Thanks for the info Texane, I didn't know about that either!


----------



## Dave (Jan 24, 2002)

Don't know if this is true or not, but I heard that in the new release they are painting out all the guns with cgi. 

I can't remember where I heard that, and to be honest I don't remember any guns in it. But the idea of retrospectively altering films is a little strange to me. Nothing new though , all began with colourization of b&w movies, and Star Wars. Where will it end?


----------



## msr709 (Jan 24, 2002)

I remember they get very aggressive when they come into the house looking for him but I can't remember if they had guns!  Either way I loved this movie! :rolly2: :alienooh:


----------



## Chilly (Mar 20, 2002)

*elliot*

hey isaw the actoe who plays eliiot
man he looked didfrent!


----------



## sarahksg1 (Apr 8, 2002)

wat he look like?????????


----------



## Chilly (Apr 9, 2002)

*lol*

here

this cant be him!


----------



## sarahksg1 (Apr 20, 2002)

cheers chilly!!!!!!


----------



## Chilly (Apr 21, 2002)

is ok
he lux strange don he?


----------



## sarahksg1 (Apr 21, 2002)

yea he does!!!

he looks way different, i wouldn't have recognised him if i didnt no it was him...lol


----------



## stripe (Jun 13, 2002)

*E.T. DVD Lands Briefly*

From scifi.com 

Universal will release E.T. the Extra-Terrestrial on DVD Oct. 22, but only for only 10 weeks, the company announced. Universal Studios Home Video will release both original and 20th-anniversary versions of the 1982 blockbuster. After the 10 weeks, the title will go on moratorium indefinitely. 

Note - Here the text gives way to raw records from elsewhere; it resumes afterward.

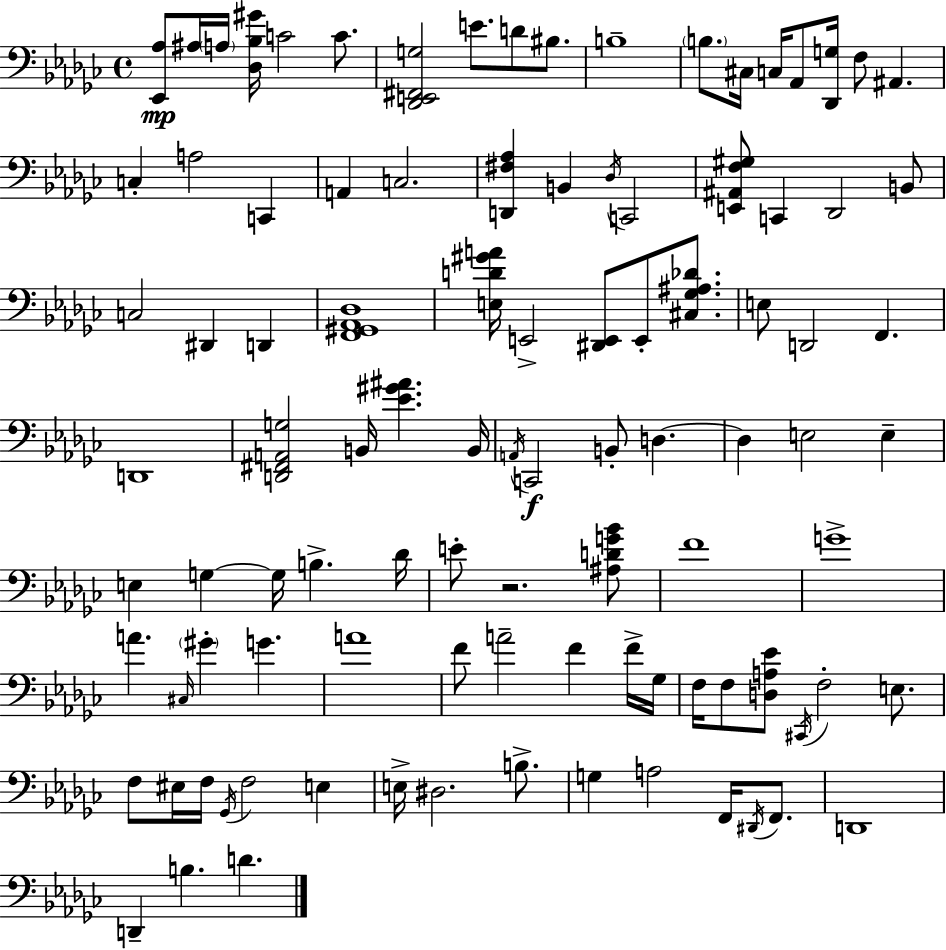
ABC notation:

X:1
T:Untitled
M:4/4
L:1/4
K:Ebm
[_E,,_A,]/2 ^A,/4 A,/4 [_D,_B,^G]/4 C2 C/2 [_D,,E,,^F,,G,]2 E/2 D/2 ^B,/2 B,4 B,/2 ^C,/4 C,/4 _A,,/2 [_D,,G,]/4 F,/2 ^A,, C, A,2 C,, A,, C,2 [D,,^F,_A,] B,, _D,/4 C,,2 [E,,^A,,F,^G,]/2 C,, _D,,2 B,,/2 C,2 ^D,, D,, [F,,^G,,_A,,_D,]4 [E,D^GA]/4 E,,2 [^D,,E,,]/2 E,,/2 [^C,_G,^A,_D]/2 E,/2 D,,2 F,, D,,4 [D,,^F,,A,,G,]2 B,,/4 [_E^G^A] B,,/4 A,,/4 C,,2 B,,/2 D, D, E,2 E, E, G, G,/4 B, _D/4 E/2 z2 [^A,DG_B]/2 F4 G4 A ^C,/4 ^G G A4 F/2 A2 F F/4 _G,/4 F,/4 F,/2 [D,A,_E]/2 ^C,,/4 F,2 E,/2 F,/2 ^E,/4 F,/4 _G,,/4 F,2 E, E,/4 ^D,2 B,/2 G, A,2 F,,/4 ^D,,/4 F,,/2 D,,4 D,, B, D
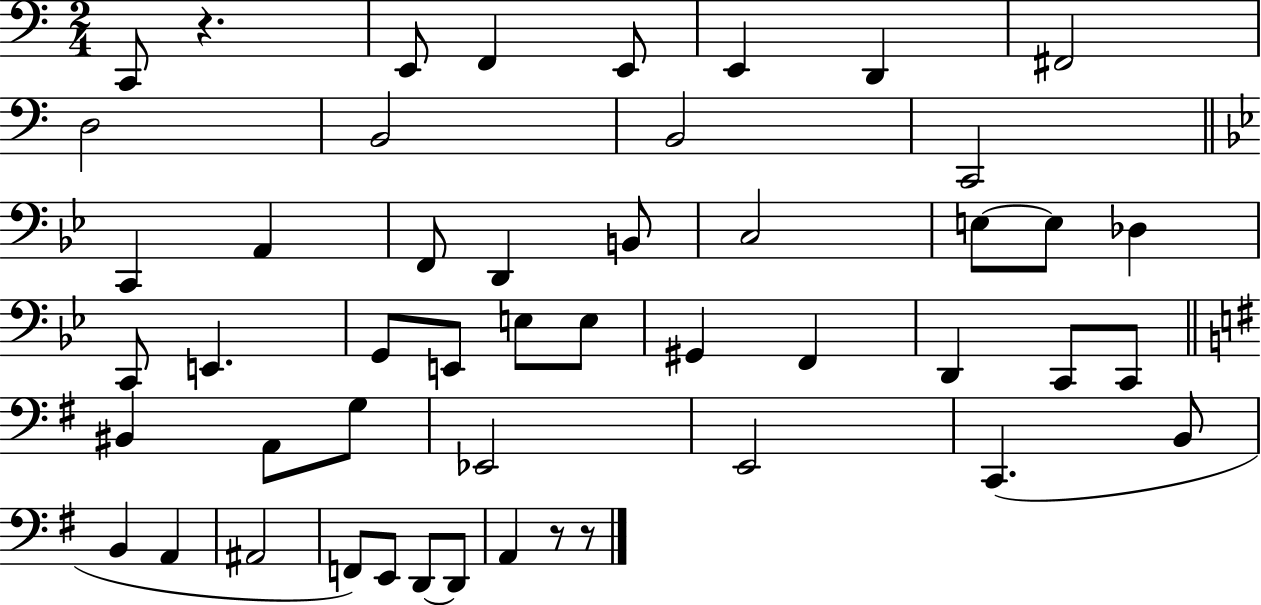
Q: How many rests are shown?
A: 3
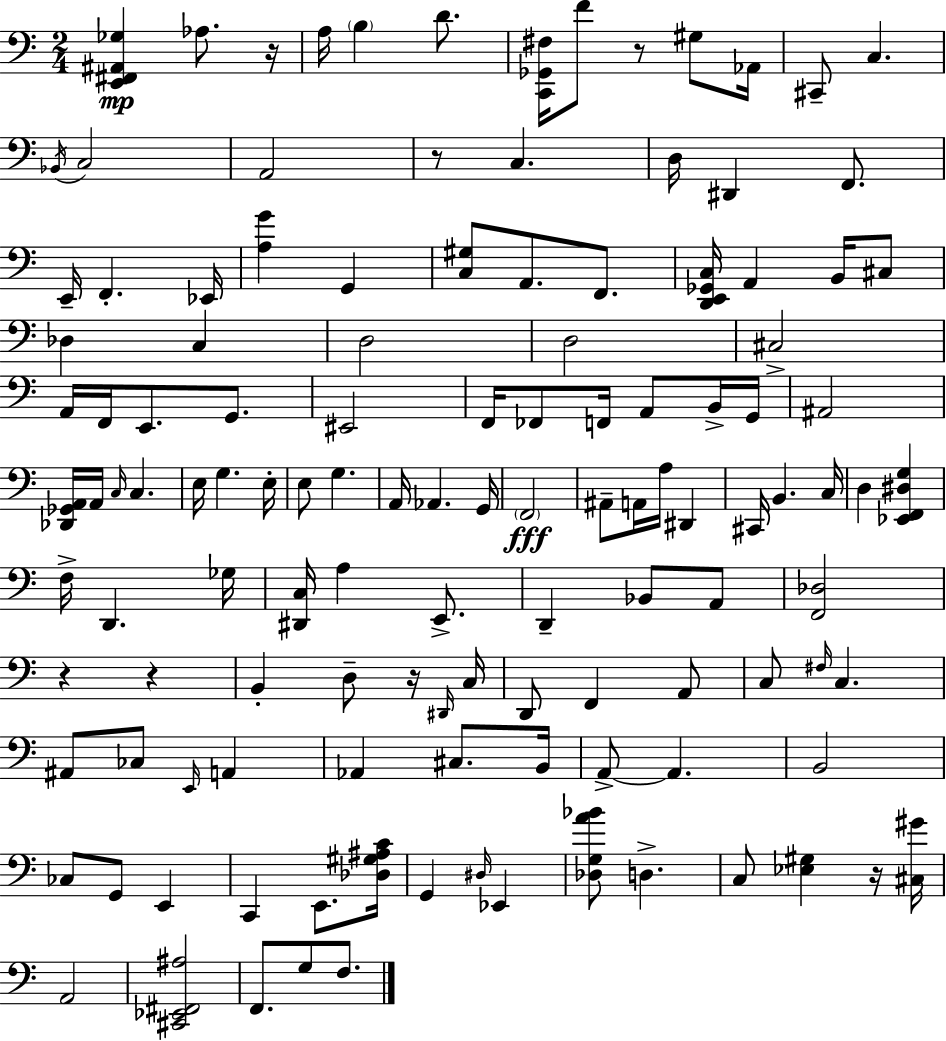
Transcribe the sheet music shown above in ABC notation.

X:1
T:Untitled
M:2/4
L:1/4
K:C
[E,,^F,,^A,,_G,] _A,/2 z/4 A,/4 B, D/2 [C,,_G,,^F,]/4 F/2 z/2 ^G,/2 _A,,/4 ^C,,/2 C, _B,,/4 C,2 A,,2 z/2 C, D,/4 ^D,, F,,/2 E,,/4 F,, _E,,/4 [A,G] G,, [C,^G,]/2 A,,/2 F,,/2 [D,,E,,_G,,C,]/4 A,, B,,/4 ^C,/2 _D, C, D,2 D,2 ^C,2 A,,/4 F,,/4 E,,/2 G,,/2 ^E,,2 F,,/4 _F,,/2 F,,/4 A,,/2 B,,/4 G,,/4 ^A,,2 [_D,,_G,,A,,]/4 A,,/4 C,/4 C, E,/4 G, E,/4 E,/2 G, A,,/4 _A,, G,,/4 F,,2 ^A,,/2 A,,/4 A,/4 ^D,, ^C,,/4 B,, C,/4 D, [_E,,F,,^D,G,] F,/4 D,, _G,/4 [^D,,C,]/4 A, E,,/2 D,, _B,,/2 A,,/2 [F,,_D,]2 z z B,, D,/2 z/4 ^D,,/4 C,/4 D,,/2 F,, A,,/2 C,/2 ^F,/4 C, ^A,,/2 _C,/2 E,,/4 A,, _A,, ^C,/2 B,,/4 A,,/2 A,, B,,2 _C,/2 G,,/2 E,, C,, E,,/2 [_D,^G,^A,C]/4 G,, ^D,/4 _E,, [_D,G,A_B]/2 D, C,/2 [_E,^G,] z/4 [^C,^G]/4 A,,2 [^C,,_E,,^F,,^A,]2 F,,/2 G,/2 F,/2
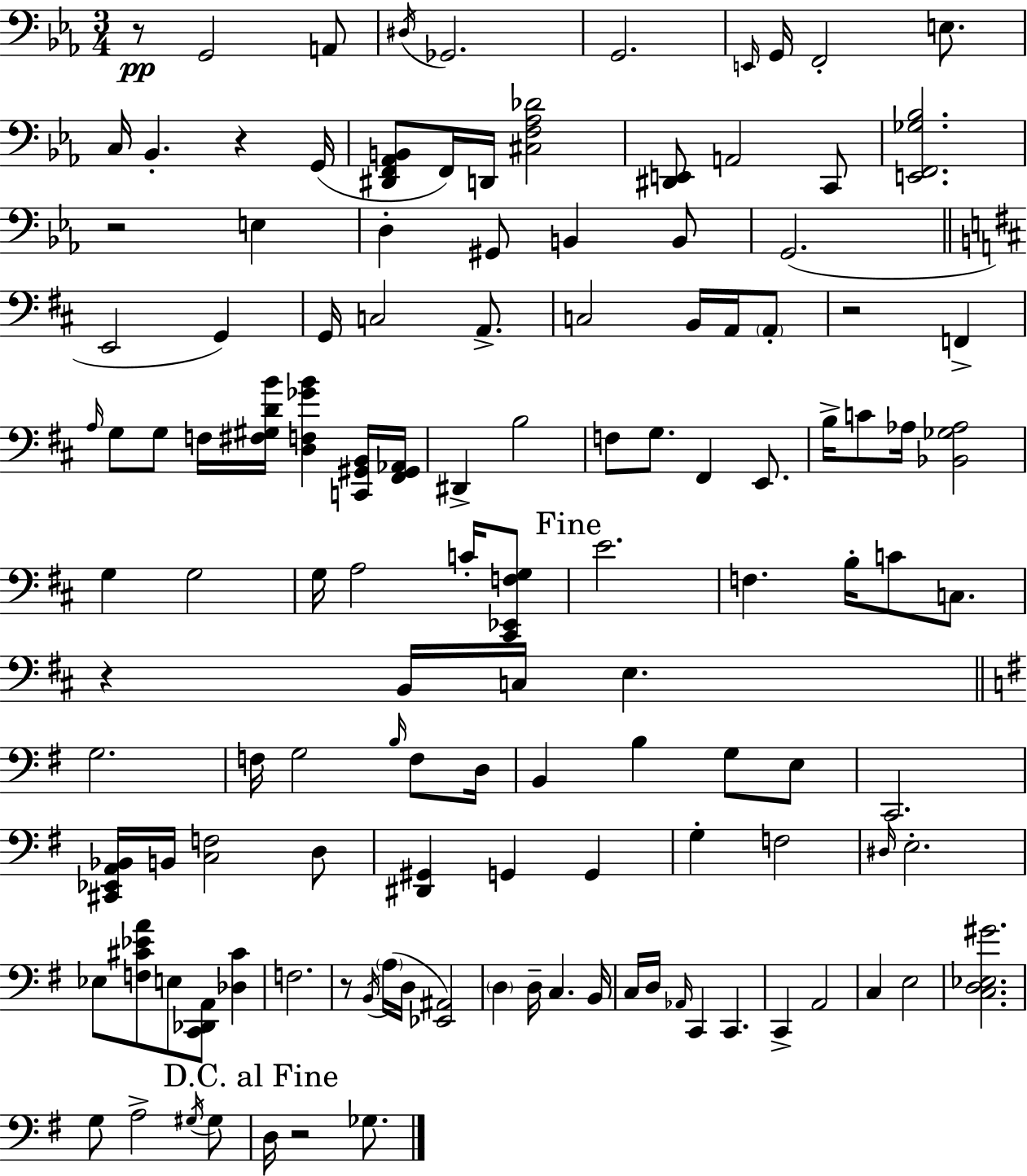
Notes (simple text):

R/e G2/h A2/e D#3/s Gb2/h. G2/h. E2/s G2/s F2/h E3/e. C3/s Bb2/q. R/q G2/s [D#2,F2,Ab2,B2]/e F2/s D2/s [C#3,F3,Ab3,Db4]/h [D#2,E2]/e A2/h C2/e [E2,F2,Gb3,Bb3]/h. R/h E3/q D3/q G#2/e B2/q B2/e G2/h. E2/h G2/q G2/s C3/h A2/e. C3/h B2/s A2/s A2/e R/h F2/q A3/s G3/e G3/e F3/s [F#3,G#3,D4,B4]/s [D3,F3,Gb4,B4]/q [C2,G#2,B2]/s [F#2,G#2,Ab2]/s D#2/q B3/h F3/e G3/e. F#2/q E2/e. B3/s C4/e Ab3/s [Bb2,Gb3,Ab3]/h G3/q G3/h G3/s A3/h C4/s [C#2,Eb2,F3,G3]/e E4/h. F3/q. B3/s C4/e C3/e. R/q B2/s C3/s E3/q. G3/h. F3/s G3/h B3/s F3/e D3/s B2/q B3/q G3/e E3/e C2/h. [C#2,Eb2,A2,Bb2]/s B2/s [C3,F3]/h D3/e [D#2,G#2]/q G2/q G2/q G3/q F3/h D#3/s E3/h. Eb3/e [F3,C#4,Eb4,A4]/e E3/e [C2,Db2,A2]/e [Db3,C#4]/q F3/h. R/e B2/s A3/s D3/s [Eb2,A#2]/h D3/q D3/s C3/q. B2/s C3/s D3/s Ab2/s C2/q C2/q. C2/q A2/h C3/q E3/h [C3,D3,Eb3,G#4]/h. G3/e A3/h G#3/s G#3/e D3/s R/h Gb3/e.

Universal will release the E.T. Limited Collector's Edition DVD, a two-disc set featuring the 2002 version of the movie in either letterbox or full-frame formats for $22.95. The E.T. Ultimate Collector's Gift Set will include the original theatrical version, the 2002 theatrical version, a CD soundtrack, a script from the original feature and a collectible senitype for $69.98. A VHS full-frame version of the movie will be priced at $14.95. 

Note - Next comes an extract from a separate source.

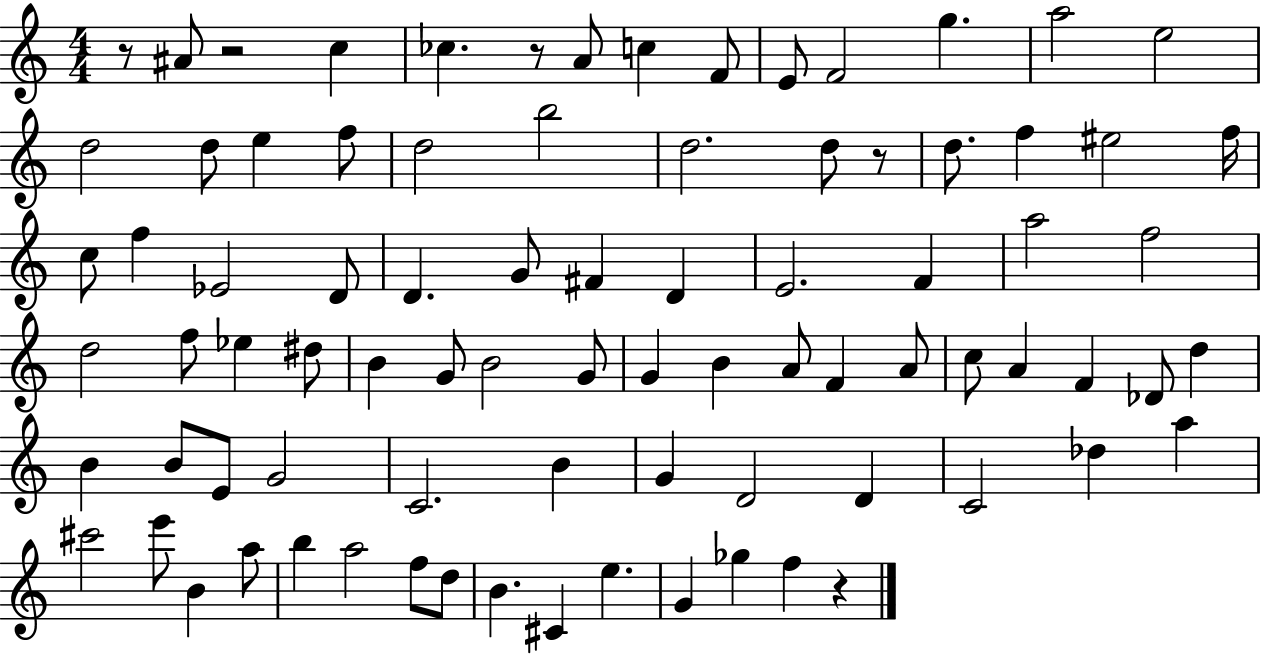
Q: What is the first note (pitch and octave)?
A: A#4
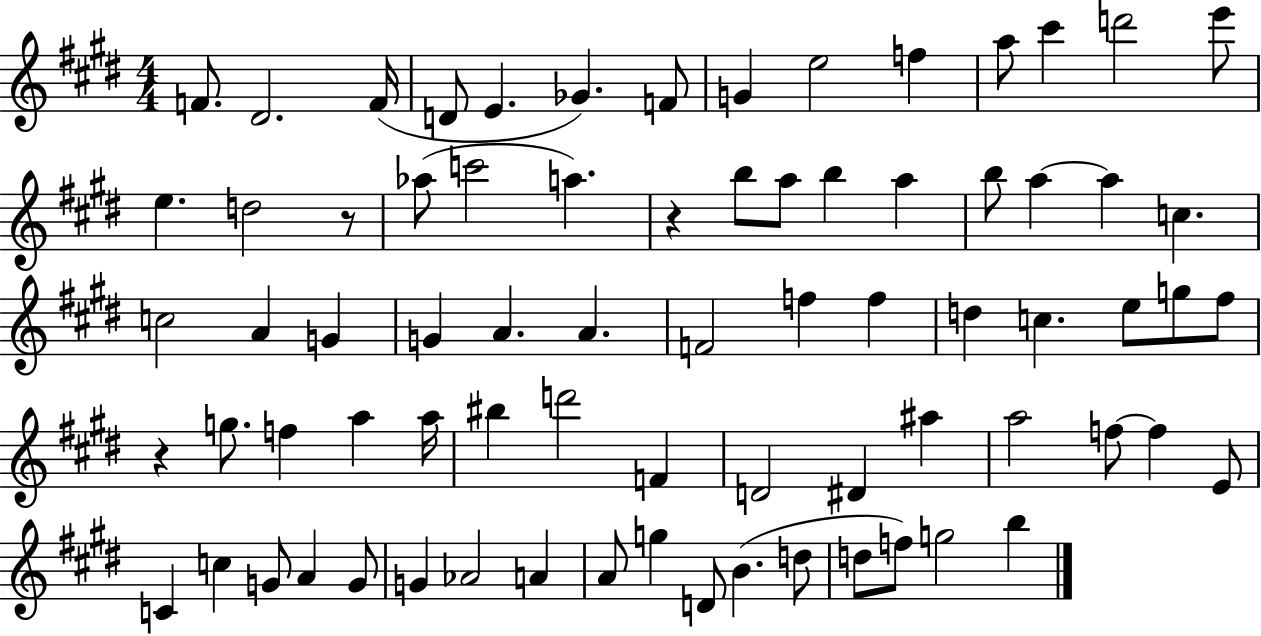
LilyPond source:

The two-disc set will also contain a track with John Williams' live orchestral performance of his score, which accompanied the 20th-anniversary premiere of the movie in Los Angeles earlier this year. Other DVD highlights include a new interview with director Steven Spielberg, a reunion of the cast and crew, the evolution of the E.T. character and Universal Studios Total Axess, a DVD-ROM feature, the studio announced.


----------



## HeyLynny (Jul 7, 2002)

Dave, you heard right. They did get rid of the guns (in the scene where the bike lifts off into the air, the police below had guns in the original).  I saw this on a reunion show after the re-release.  The extra scenes that they added were really cute too!


----------



## Starbeast (May 9, 2011)

Strange alien movie, but it was geared for kids


----------